Antimetastatic effects of norcantharidin on hepatocellular carcinoma cells by up-regulating FAM46C expression

Xu-Ying Wan; Xiao-Feng Zhai; Yi-Ping Jiang; Ting Han; Qiao-Yan Zhang; Hai-Liang Xin

. 2017 Jan 15;9(1):155–166.

Antimetastatic effects of norcantharidin on hepatocellular carcinoma cells by up-regulating FAM46C expression

Xu-Ying Wan ^1,^*, Xiao-Feng Zhai ^2,^*, Yi-Ping Jiang ³, Ting Han ³, Qiao-Yan Zhang ³, Hai-Liang Xin ³

PMCID: PMC5250712 PMID: 28123642

Abstract

Hepatocellular carcinoma (HCC) is the third leading cause of cancer-related mortality worldwide. Norcantharidin (NCTD), a demethylated analog of cantharidin, possesses antimetastatic effects on HCC cells. The aim of this study was to identify target proteins of NCTD. In this study, we confirmed the antimetastatic effects of NCTD on SMMC-7721 and MHCC-97H cells. Through RNA sequencing, we found a non-canonical poly (A) polymerase, Family-with-sequence-similarity-46C (FAM46C) was up-regulated in response to NCTD exposure. Gene set enrichment analysis on The Cancer Genome Atlas liver HCC (LIHC) dataset revealed that metastasis down pathway was strongly associated with FAM46C expression. Overexpression of FAM46C in HCC cells suppressed cell migration and invasion via suppressing transforming growth factor-β (TGF-β)/Smad signaling and epithelial-mesenchymal transition (EMT) process. Additionally, the antimetastatic effects of NCTD on HCC cells were partially rescued by FAM46C knockdown. Collectively, our results suggested that FAM46C, up-regulated by NCTD treatment, played a critical role in promoting the migration and invasion of HCC cells via TGF-β/Smad signaling. We identified a new therapeutic target of NCTD.

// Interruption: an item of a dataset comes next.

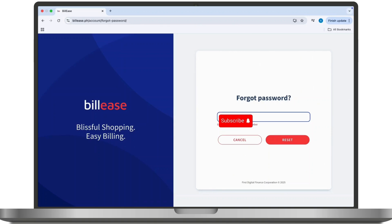Look for the password reset email from Billease, then click on the password reset link, enter a new password, and click submit. All you have to do is return to the Billease login page.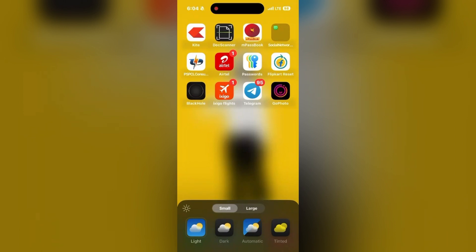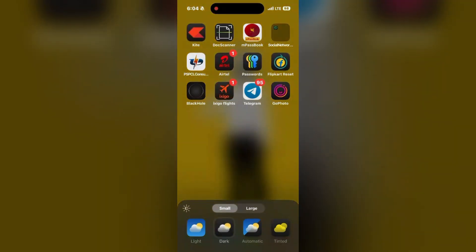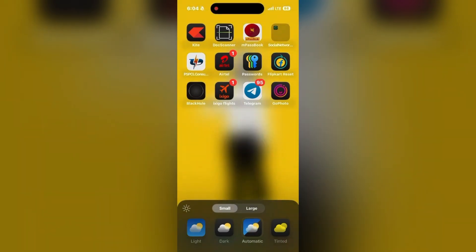As you can see the options available: light, dark, automatic, and tinted. Click on the dark mode to use dark mode on your icons, and you can also click on tinted to change the colors of your icons.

Keywords: Antimetatasis, norcantharidin, hepatocellular carcinoma, FAM46C, TGF-β/Smad

Introduction

Hepatocellular carcinoma (HCC) is most common type of liver cancer and the third leading cause of cancer-related mortality in the world [1,2]. Chronic Hepatitis B infection is the predominant cause of HCC in countries where Hepatitis B is endemic, such as China [3], whereas chronic Hepatitis C infection is a major risk factor in countries where Hepatitis B is rare [2]. HCC causes 662,000 deaths globally per year, about half of which is in China [1]. The 5-year survival rate for HCC patients remains less than 20% because of tumor recurrence and metastasis [1]. Understanding the molecular mechanisms of metastasis and development of antimetastatic therapy is continuously needed.

Cantharidin, the active constituent of a Chinese traditional medicine blister beetle (Mylabris phalerata Pallas), has antitumor properties [4]. Norcantharidin (NCTD), the demethylated form of cantharidin, is easier to synthesize and less toxic. NCTD possesses anticancer activity [5-19] and inhibits renal interstitial fibrosis [20]. NCTD can inhibit cell growth by inducing cell apoptosis of various cancer types, including HCC [5,6,8,13,14,16-18]. NCTD also shows antimetastatic effect on several cancer cells. Luan et al. reported that NCTD could reduce the migration of A549 lung cancer cell [21]. Chen et al. showed that NCTD reduces the invasion of CT26 colon cancer cells via decreasing the activity of matrix metalloproteinase (MMP)-2 and -9 and expression of several cadherin-catenin adhesion molecules [19,22]. A recent study has reported the inhibitory effects of NCTD on the invasion and migration of Huh7 HCC cell [11]. Epithelial-mesenchymal transition (EMT) is thought to contribute to the complex pathogenesis of tumors and fibrosis [23,24]. NCTD could antagonizes EMT process in renal proximal tubule cells [25] and colon cancer cells [26].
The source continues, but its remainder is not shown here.